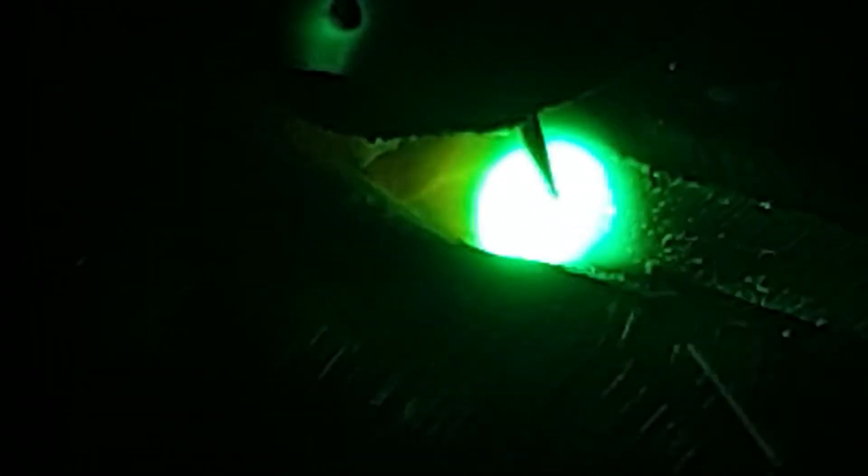What you can see on screen now is what we're trying to achieve with this first pass — essentially a top view of what's actually happening underneath. This is called the root run. In order to achieve a consistent root, you will have to move at a consistent travel speed.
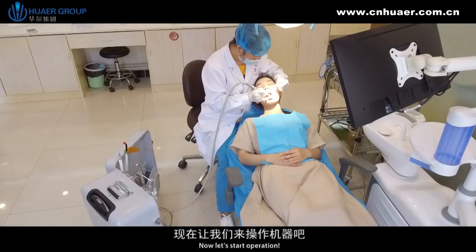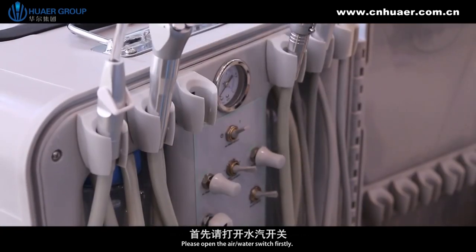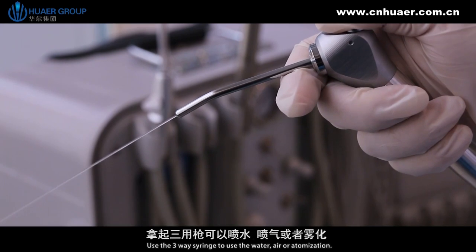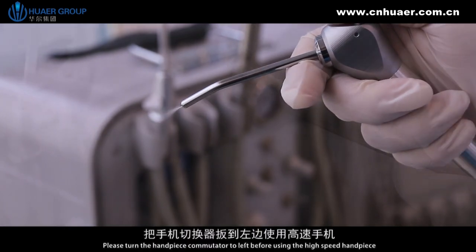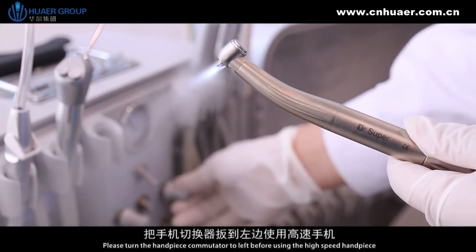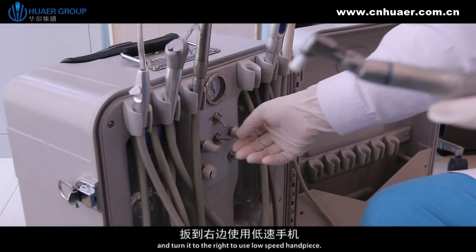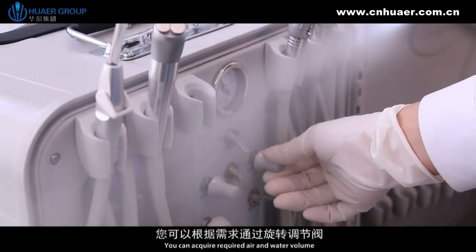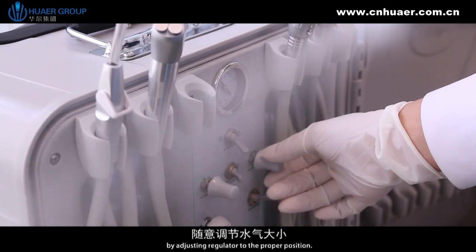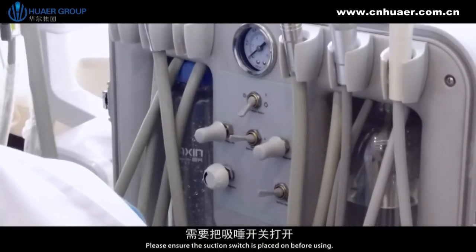To start operation, please open the air or water switch first. Use the three-way syringe for water, air or atomization. Please turn the handpiece commutator to the left before using the high-speed handpiece, and turn it to the right to use the low-speed handpiece. You can acquire the required air and water volume by adjusting the regulator to the proper position. Please ensure the suction switch is turned on before using.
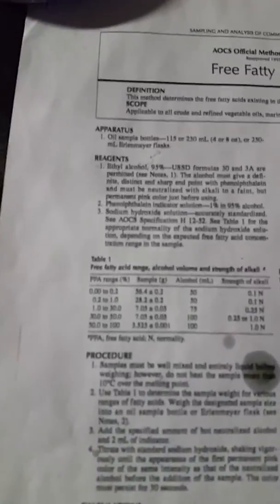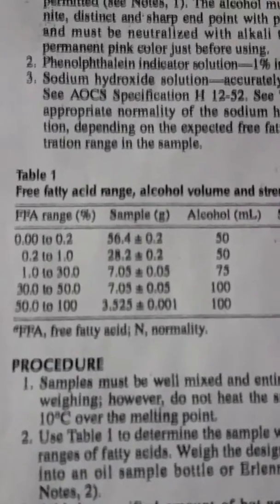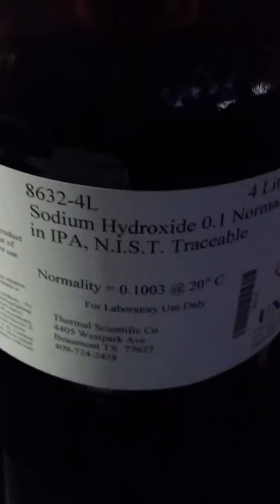This is the AOCS method for checking free fatty acids. Our grease typically runs an FFA range of 1 to 30, so we'll use about 7 grams of grease and 75 milliliters of alcohol. The alcohol we use is the phenolphthalein indicator — the phenol and alcohol together — and the only other ingredient we need is the sodium hydroxide.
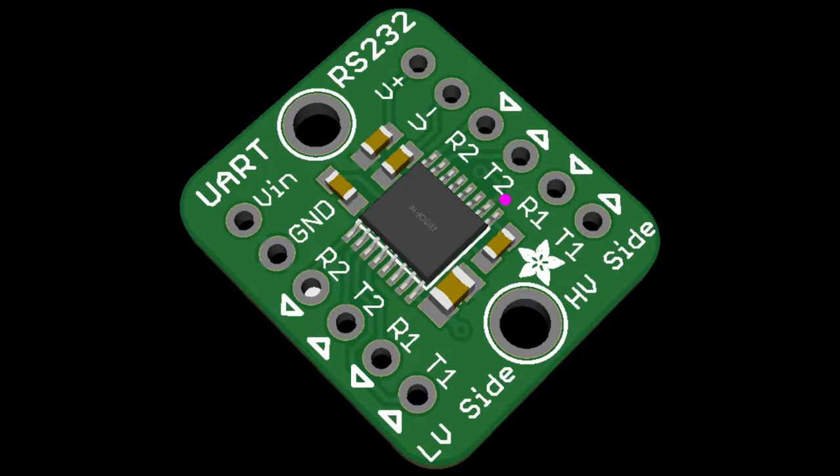I also made a tiny Max 3232 breakout. This one doesn't have the DE9 and doesn't have all of the I/O — it just does two channels of RX and TX, but it's very compact. It's great if you're connecting to retro stuff that's at RS-232 logic level and you want to use 3 or 5 volt logic level on the other side.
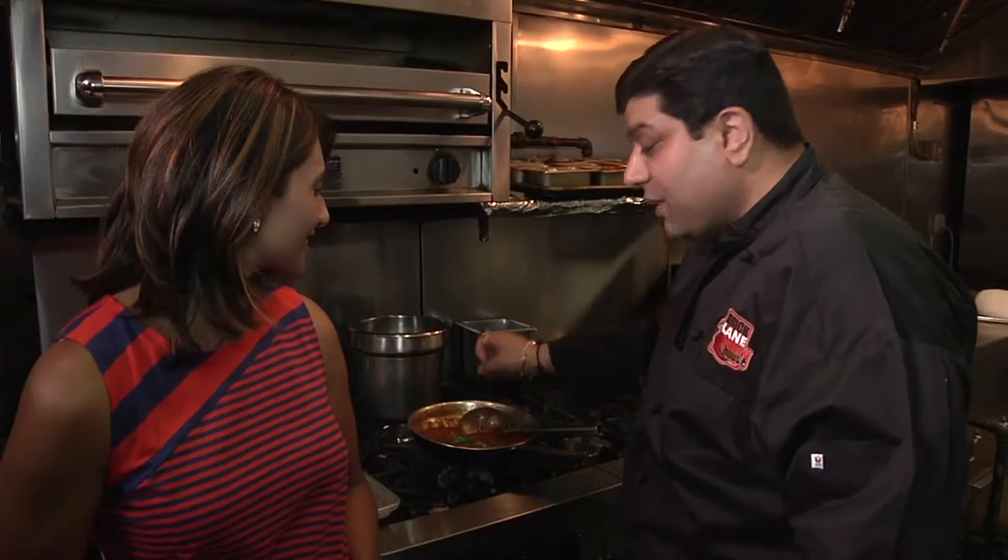Chicken phal is ready — are you up for the challenge? Even though I love Indian food, this is a dare I will not take. But I have a very dear friend, amazing actor and a foodie, Yuval David, who would love to take this challenge.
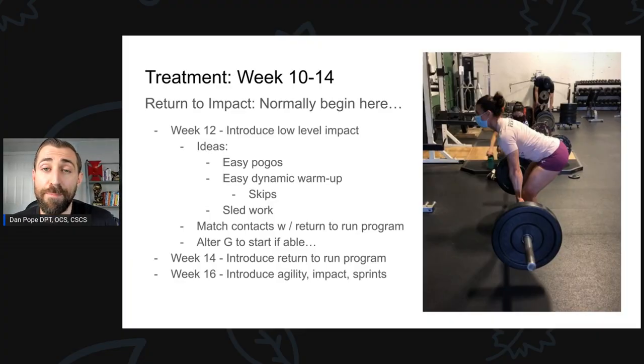I want to give you an idea of how I traditionally ramp into plyometrics and change of direction, though we didn't do this with Chrissy. Usually around week 12 I start introducing low-level impact exercises — things like easy pogo jumps, dynamic warmup stuff like easy skips, karaoke, shuffle drills. I may also incorporate sled work at this point. If they're tolerating these movements well, maybe a week later I create a return-to-run program. You can count contacts the athlete takes with pogo jumps and skips and match that with contacts in the return-to-run program for a very slow ramp-up. If you start at week 12 with plyos, at week 14 you can introduce that return-to-run program, and at week 16 you start introducing more agility, impact, and sprints. For Chrissy, we did some prowlers and that was kind of it.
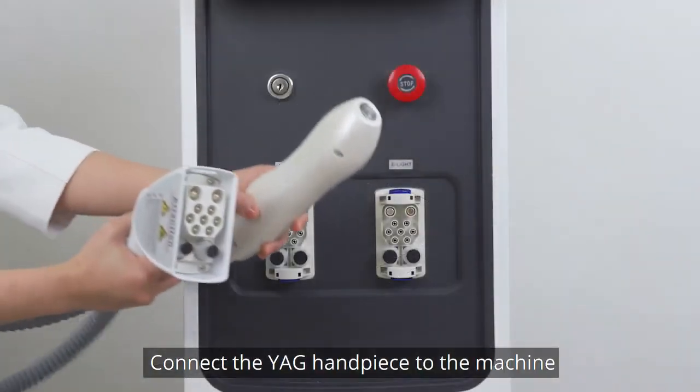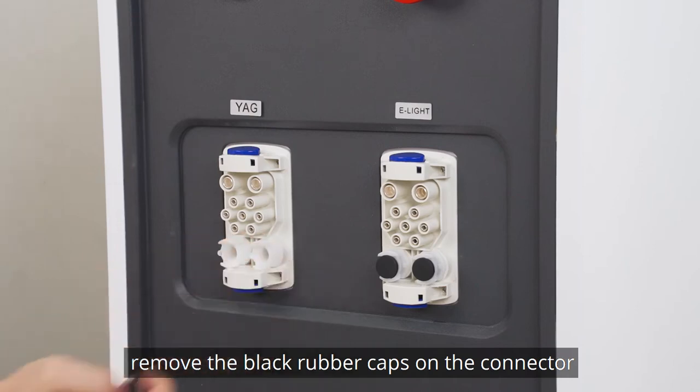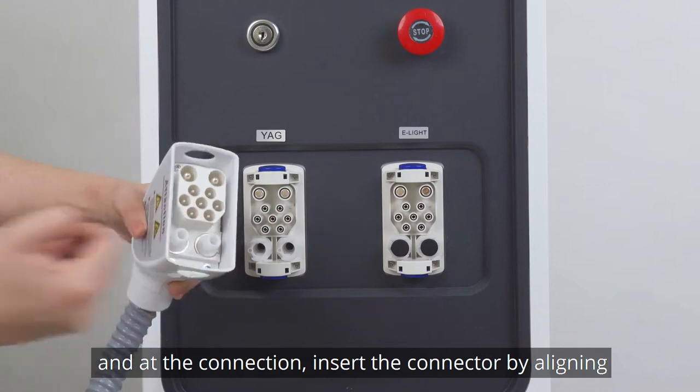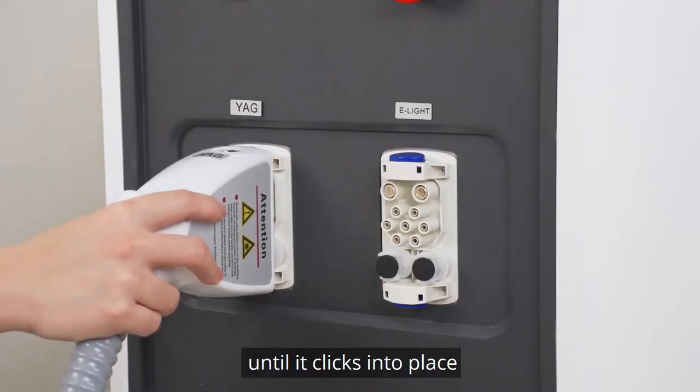Connect the VAG handpiece to the machine. Remove the black rubber caps on the connector and add the connection. Insert the connector aligned with the small holes and add the connection until it clicks into place.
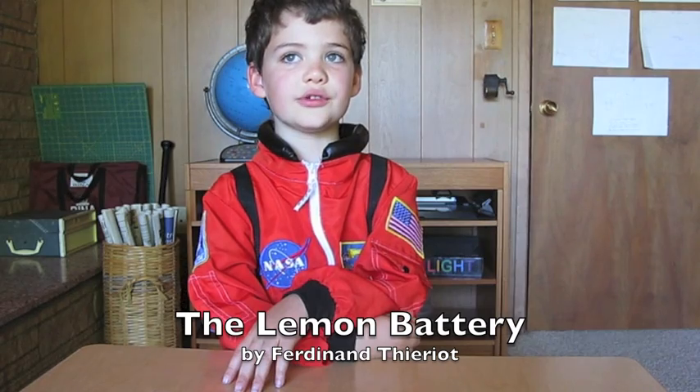Hello, my name is Ferdinand Carriott and I'm a homeschooler in Ukiah, California, and today I'm going to show you how to make a lemon battery.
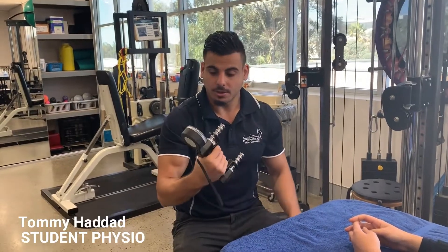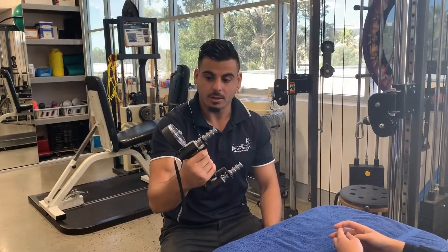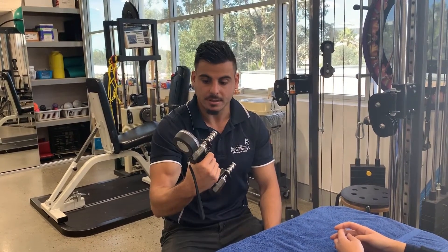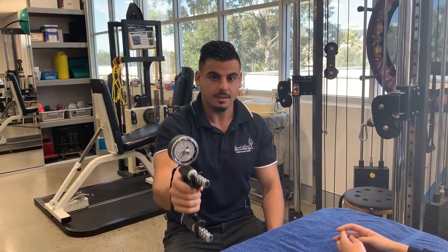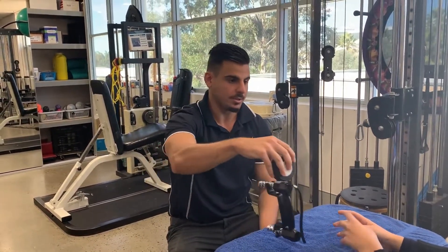Hi guys, today we'll be showing you what we utilize to test a patient's grip strength. This is a dynamometer — by squeezing this device you can get a reading of how strong a patient's grip is.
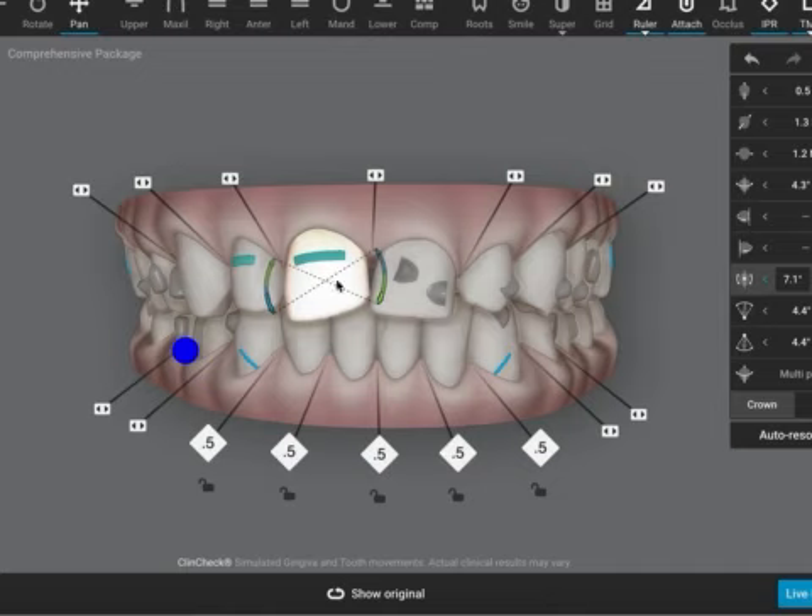Gingival hypertrophy may need gingival contouring, laser reduction, or a gingivectomy — it's quite common in such massive space closures, especially if we go fast. I would say 10-day changes; seven to ten days is fine. But if you start seeing a lot of bunching, slow down the changes — the gingival also needs time to remodel as the teeth come together.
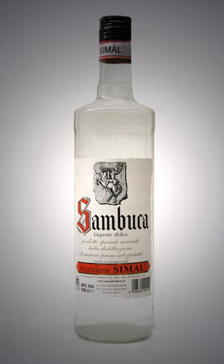It is bottled at a minimum of 38% alcohol by volume. The oils are added to pure alcohol, a concentrated solution of sugar, and other flavoring.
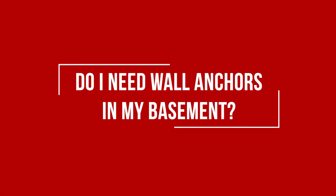Hi, I'm Nolan, the sales director here at AccuLevel. You may be wondering: do you need wall anchors for your basement wall? We're going to go into exactly why you would need them and what the difference can be. Do you need wall anchors for your basement wall? It is definitely an option.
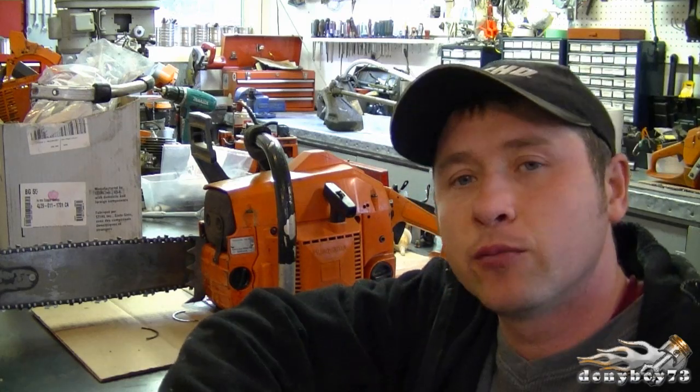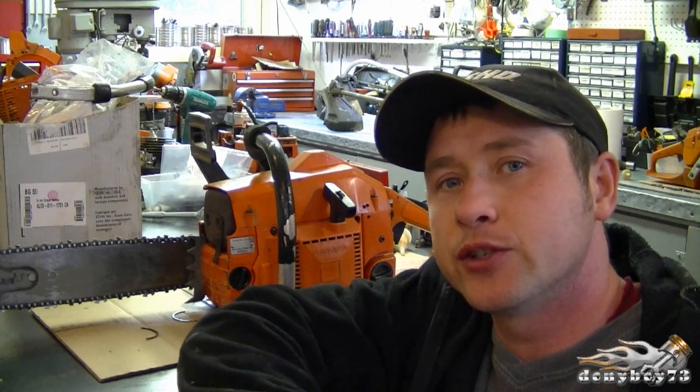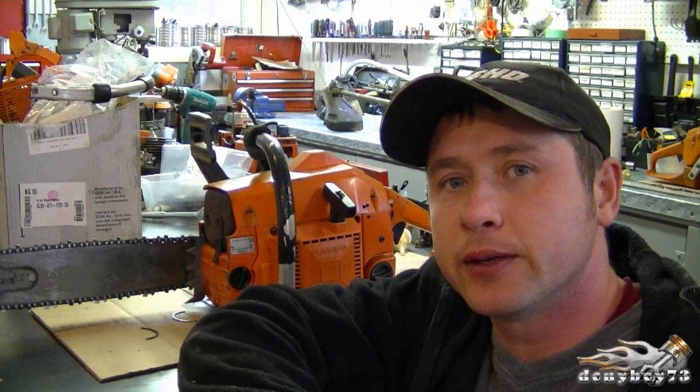Hey guys, welcome back. Here's the Husqvarna 154 that you saw in the previous video, where I told you I just sanded the cylinder to repair it. What I ended up doing, as I showed you previously, is I replaced the piston and the ring and just sanded the cylinder, and now she runs.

[What the task requires] Please repeat all of the data exactly as it stands, leaving the pictures out.

[Exercise solution]
What you can see on screen now is what we're trying to achieve with this first pass — essentially a top view of what's actually happening underneath. This is called the root run. In order to achieve a consistent root, you will have to move at a consistent travel speed.
To start operation, please open the air or water switch first. Use the three-way syringe for water, air or atomization. Please turn the handpiece commutator to the left before using the high-speed handpiece, and turn it to the right to use the low-speed handpiece. You can acquire the required air and water volume by adjusting the regulator to the proper position. Please ensure the suction switch is turned on before using.
This is the AOCS method for checking free fatty acids. Our grease typically runs an FFA range of 1 to 30, so we'll use about 7 grams of grease and 75 milliliters of alcohol. The alcohol we use is the phenolphthalein indicator — the phenol and alcohol together — and the only other ingredient we need is the sodium hydroxide.
I also made a tiny Max 3232 breakout. This one doesn't have the DE9 and doesn't have all of the I/O — it just does two channels of RX and TX, but it's very compact. It's great if you're connecting to retro stuff that's at RS-232 logic level and you want to use 3 or 5 volt logic level on the other side.
Chicken phal is ready — are you up for the challenge? Even though I love Indian food, this is a dare I will not take. But I have a very dear friend, amazing actor and a foodie, Yuval David, who would love to take this challenge.
I want to give you an idea of how I traditionally ramp into plyometrics and change of direction, though we didn't do this with Chrissy. Usually around week 12 I start introducing low-level impact exercises — things like easy pogo jumps, dynamic warmup stuff like easy skips, karaoke, shuffle drills. I may also incorporate sled work at this point. If they're tolerating these movements well, maybe a week later I create a return-to-run program. You can count contacts the athlete takes with pogo jumps and skips and match that with contacts in the return-to-run program for a very slow ramp-up. If you start at week 12 with plyos, at week 14 you can introduce that return-to-run program, and at week 16 you start introducing more agility, impact, and sprints. For Chrissy, we did some prowlers and that was kind of it.
Connect the VAG handpiece to the machine. Remove the black rubber caps on the connector and add the connection. Insert the connector aligned with the small holes and add the connection until it clicks into place.
Hello, my name is Ferdinand Carriott and I'm a homeschooler in Ukiah, California, and today I'm going to show you how to make a lemon battery.
Hi guys, today we'll be showing you what we utilize to test a patient's grip strength. This is a dynamometer — by squeezing this device you can get a reading of how strong a patient's grip is.
Gingival hypertrophy may need gingival contouring, laser reduction, or a gingivectomy — it's quite common in such massive space closures, especially if we go fast. I would say 10-day changes; seven to ten days is fine. But if you start seeing a lot of bunching, slow down the changes — the gingival also needs time to remodel as the teeth come together.
It is bottled at a minimum of 38% alcohol by volume. The oils are added to pure alcohol, a concentrated solution of sugar, and other flavoring.
Hi, I'm Nolan, the sales director here at AccuLevel. You may be wondering: do you need wall anchors for your basement wall? We're going to go into exactly why you would need them and what the difference can be. Do you need wall anchors for your basement wall? It is definitely an option.
Hey guys, welcome back. Here's the Husqvarna 154 that you saw in the previous video, where I told you I just sanded the cylinder to repair it. What I ended up doing, as I showed you previously, is I replaced the piston and the ring and just sanded the cylinder, and now she runs.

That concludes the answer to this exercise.